WORK REQUIRED. Reproduce the listing exactly. Omit pictures.

-- INPUT RECORDS follows --

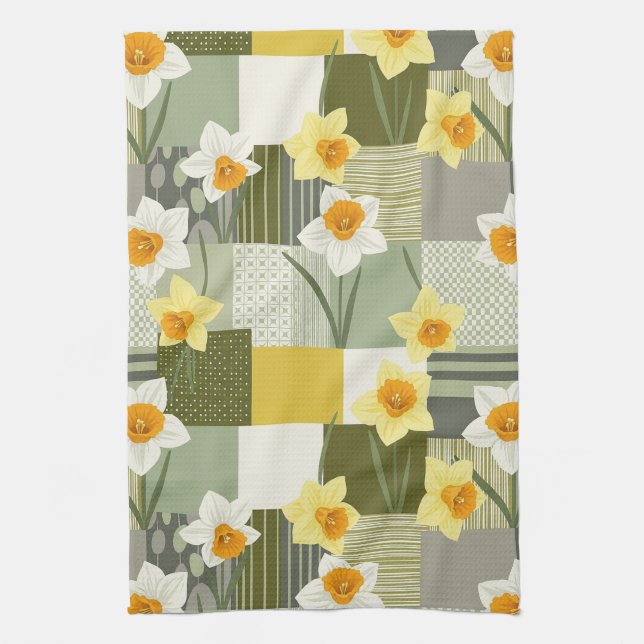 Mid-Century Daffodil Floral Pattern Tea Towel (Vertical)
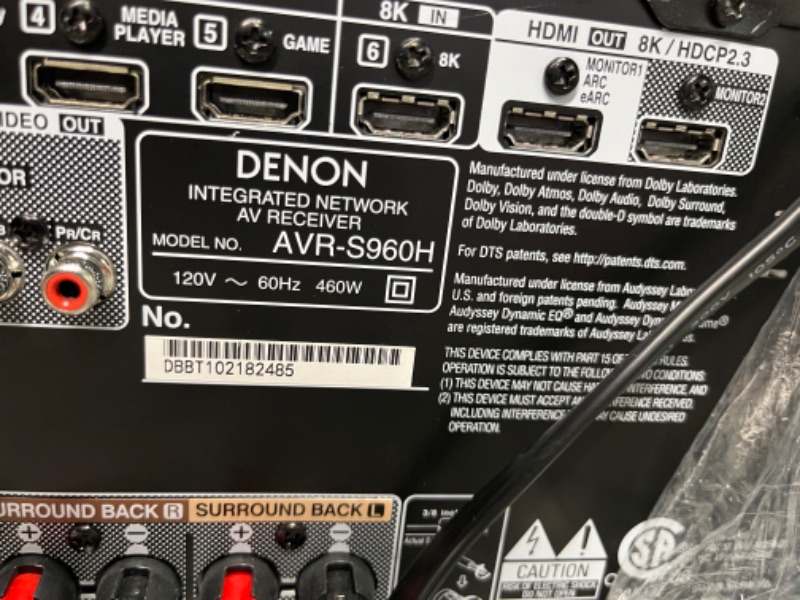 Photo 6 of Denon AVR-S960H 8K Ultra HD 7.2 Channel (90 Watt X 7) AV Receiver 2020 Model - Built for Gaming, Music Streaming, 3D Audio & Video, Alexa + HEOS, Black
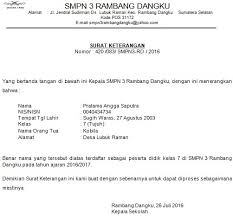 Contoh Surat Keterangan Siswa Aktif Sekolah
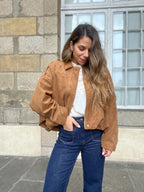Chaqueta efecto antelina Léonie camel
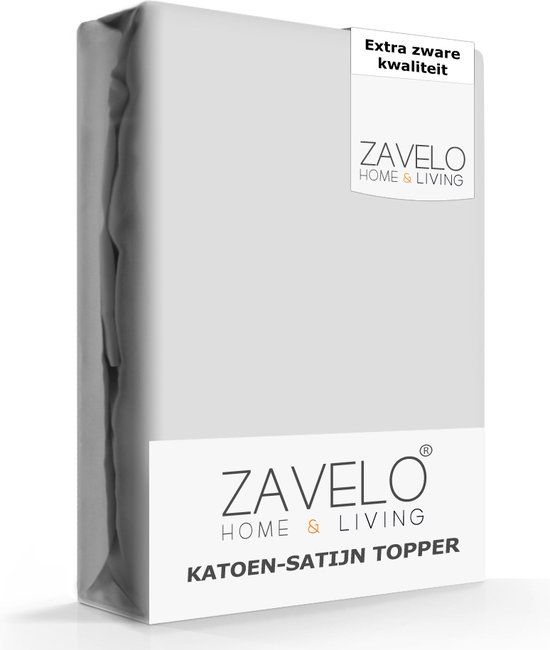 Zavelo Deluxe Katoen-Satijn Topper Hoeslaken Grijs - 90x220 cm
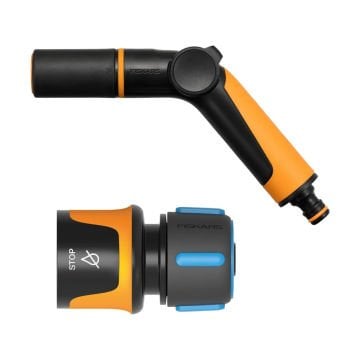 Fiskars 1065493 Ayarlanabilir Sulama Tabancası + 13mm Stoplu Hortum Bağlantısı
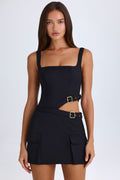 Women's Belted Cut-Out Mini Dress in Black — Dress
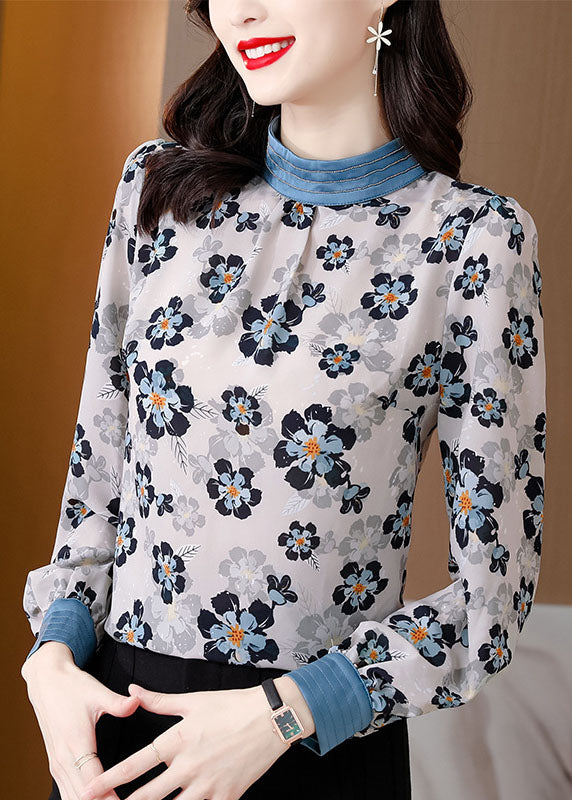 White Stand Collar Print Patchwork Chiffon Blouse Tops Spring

-- INPUT RECORDS concluded --

EXPECTED ANSWER.
 Mid-Century Daffodil Floral Pattern Tea Towel (Vertical)
 Photo 6 of Denon AVR-S960H 8K Ultra HD 7.2 Channel (90 Watt X 7) AV Receiver 2020 Model - Built for Gaming, Music Streaming, 3D Audio & Video, Alexa + HEOS, Black
 Contoh Surat Keterangan Siswa Aktif Sekolah
Chaqueta efecto antelina Léonie camel
 Zavelo Deluxe Katoen-Satijn Topper Hoeslaken Grijs - 90x220 cm
 Fiskars 1065493 Ayarlanabilir Sulama Tabancası + 13mm Stoplu Hortum Bağlantısı
 Women's Belted Cut-Out Mini Dress in Black — Dress
 White Stand Collar Print Patchwork Chiffon Blouse Tops Spring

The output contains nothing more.